Tuesday, March 24, 2009

Age vs. Ability in the WNBA




The WNBA Veterans have beaten the clock.

I've been very much interested in WNBA age scales. An age scale is a graph with the age of the player on one axis (easy to determine) and some talent metric on the other axis (hard to determine). The idea is that a player's performance can be projected across time.

If you look at any of baseball's proposed age scales, those graphs will be bell curves. As the "average player" ages, he becomes better and better until he peaks at age 28 and reaches the top of the little hill on the graph. Then, the player slowly declines as "it's all downhill after age 28" with all the little injuries and better players attriting the player's natural talent.

There are a lot of 28 year olds in baseball. There aren't so many 38 year olds, and this age-related athletic decline explains why.

Figuring out the age of WNBA players was easy. Now, I just needed a metric to evaluate them. I decided to use the Wins Score metric. (If you want to know what "Wins Score" is, just follow the link.) I like the metric better than I like the WNBA's official player metric - "Efficiency".

I limited to this analysis to ages where at least 50 seasons were played. For example, there are only 20 seasons from 36-year olds, so we won't look at an "average" 36 year old. Not enough data.

I expected a bell curve - what I got was shocking.



























































Player AgeMean Wins Score
2113.36
2218.51
2326.72
2434.58
2536.92
2635.78
2741.79
2841.21
2946.78
3043.78
3147.26
3247.28
3360.24


Holy crap. The values imply that as a WNBA player gets older, she just gets better and better and better...on the average. The values also implies that the best WNBA players - the ones who could most influence an arithmetic mean, or simple average - are on the upper end of the age scale.

I tried this analysis on John Hollinger's PER. I weighted PER by minutes played. Pretty much I got the same result, except that the numbers were less eye-popping as the range of values for PER is tighter for that of Wins Score - a great PER is above 30; a great Wins Score is above 300.

If you look at ages for which I didn't have 50 seasons, the values get even higher. At 34 the average Wins Score is 63.28; at 35 it's 65.92! Only at age 36 do we see a decline.

Since this flies in the face of what we'd expect - that the best players should be about 28 or 29 and then fall apart as they get older - we need some sort of explanation.

Here are some hypotheses:

1) The WNBA coaches and GMs are excellent managers of talent. They simply weed out every player who isn't good and keep weeding them out. (Okay, you can stop laughing.)

2) Marginal players become discouraged by sitting on the bench and leave the WNBA before they hit 30. Possible.
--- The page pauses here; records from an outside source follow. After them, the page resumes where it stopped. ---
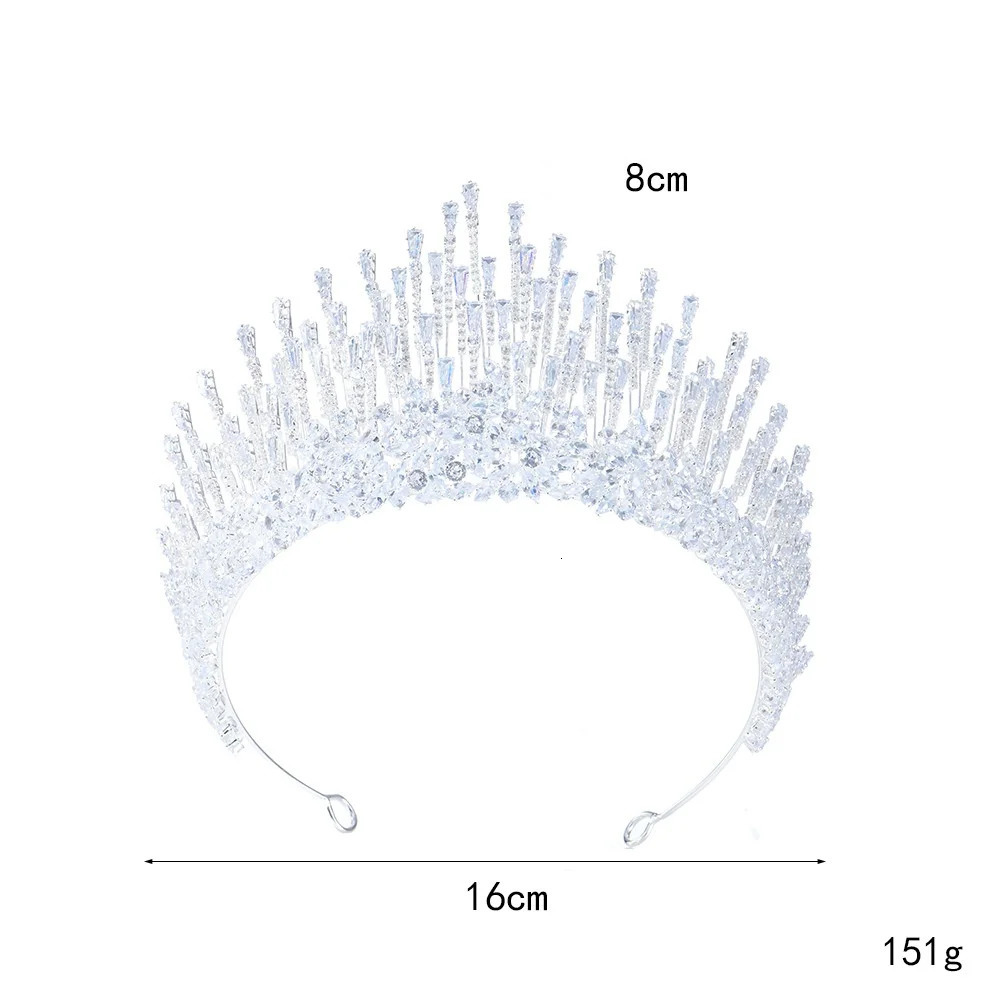 Bridal Tiara Crown For Wedding Headdress Zircon Crystal Queen Princess Pageant Women Diadem Party Headpiece 260409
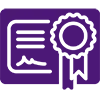 Фиолетовая иконка документа с лентой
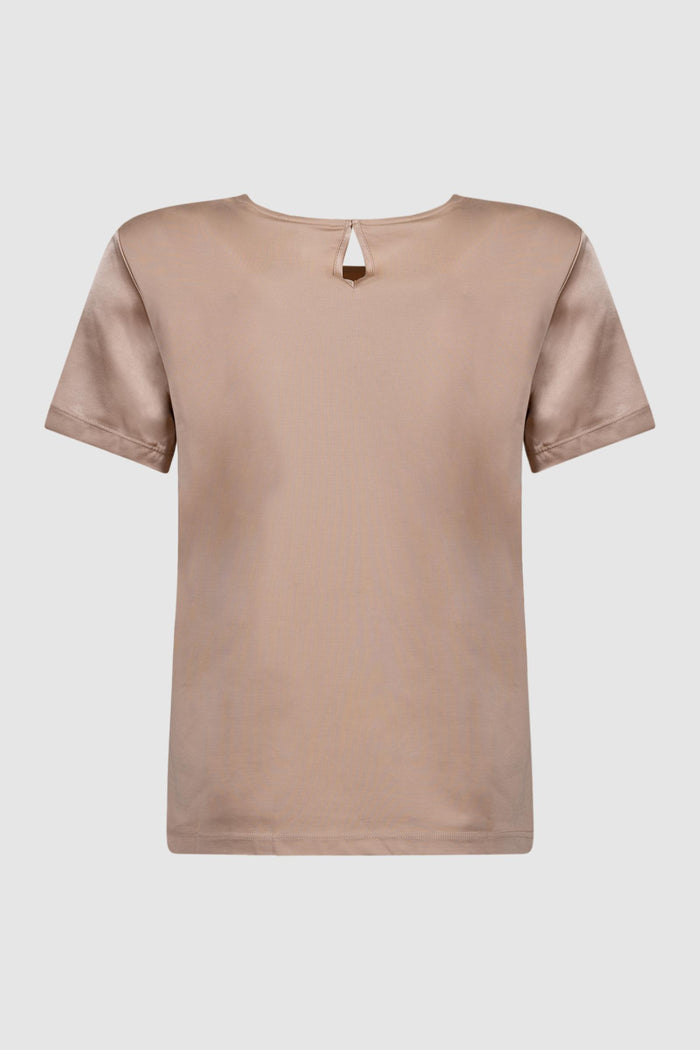 T-shirt girocollo in raso - Rosa-2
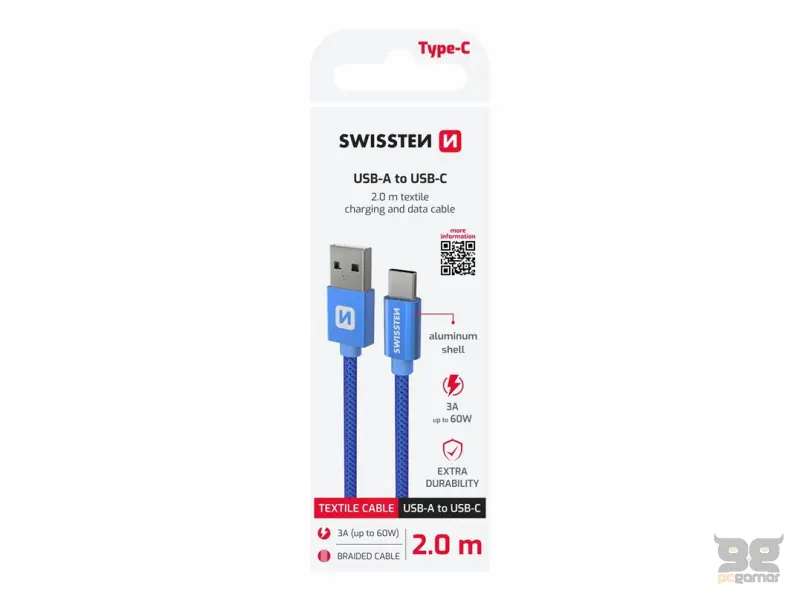 Swissten Data kabl Textile USB / USB-C 2m Blue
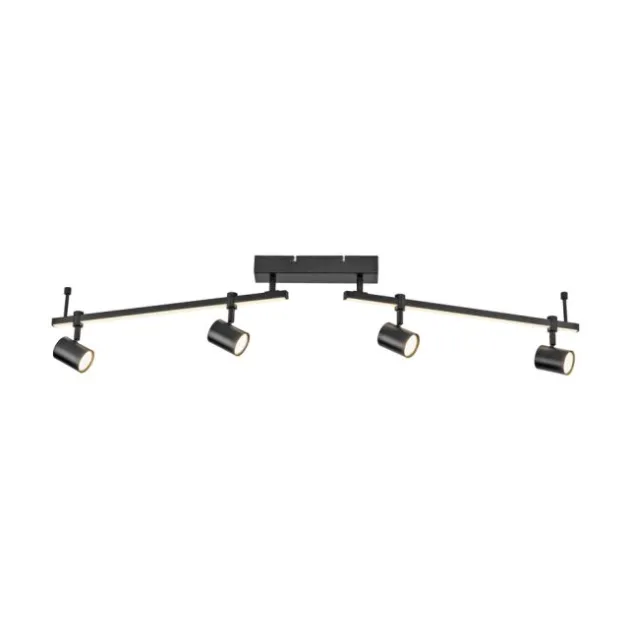 LED Deckenlampe 4 flammig mit LED Board schwarz drehbar Memoryfunktion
But I don't know any WNBA player that didn't love the game so much that she wouldn't play it even for limited minutes.

3) Financial pressures: I think this a great reason. Note that there are two jumps, one at age 23 and another at age 24. The jump disappears at age 25. My understanding is that after three years, players stop being rookies and stop getting paid with the rookie scale. Anyone in the WNBA who hasn't shown a coach or GM something after three years gets weeded out of the league. After 25, you are an official WNBA survivor.

Since WNBA veteran salaries are in a narrow band - between $50K and $100K at the uppermost - there are different pressures than in multimillion dollar pro sports. When a NBA player is being paid $10 million a year you play him even if he isn't any good. Those kinds of pressures don't exist in the WNBA. Since the star factor is also diminished - WNBA players aren't national superstars - there's no pressure to play a popular player whose skills are diminishing. (Look at what happened to Sheryl Swoopes in Seattle. If it had been Sam Swoopes playing for the Oklahoma Thunder that situation would have been handled much differently.)

Furthermore, since it's very hard to establish a career on just $45 K for a limited number of years, there's more pressure on players to bail out and do something more lucrative.

I don't know if hypothesis #3 is the truth, but I think it comes closer to the truth than the other two explanations. "Locked into six years at multimillion dollar contract" disappears. "Can't waive her because she's a national superstar" disappears. In short, they don't pay or play you in the WNBA at age 33 unless you deserve to be paid and played.

4) Tighter band of athletic skill. When I say "tighter band", I mean that the deviation in athletic skill is smaller than it is in MLB or the NBA. That deviation comes from gender. The most athletic player in the NBA is probably more dominant over his average counterpart. Whereas the difference is smaller between the WNBA's average player and its most dominant player. Men are taller and have more muscular power than women do...and when that power disappears with age, male players are more substantially diminished. This leads to a discussion about....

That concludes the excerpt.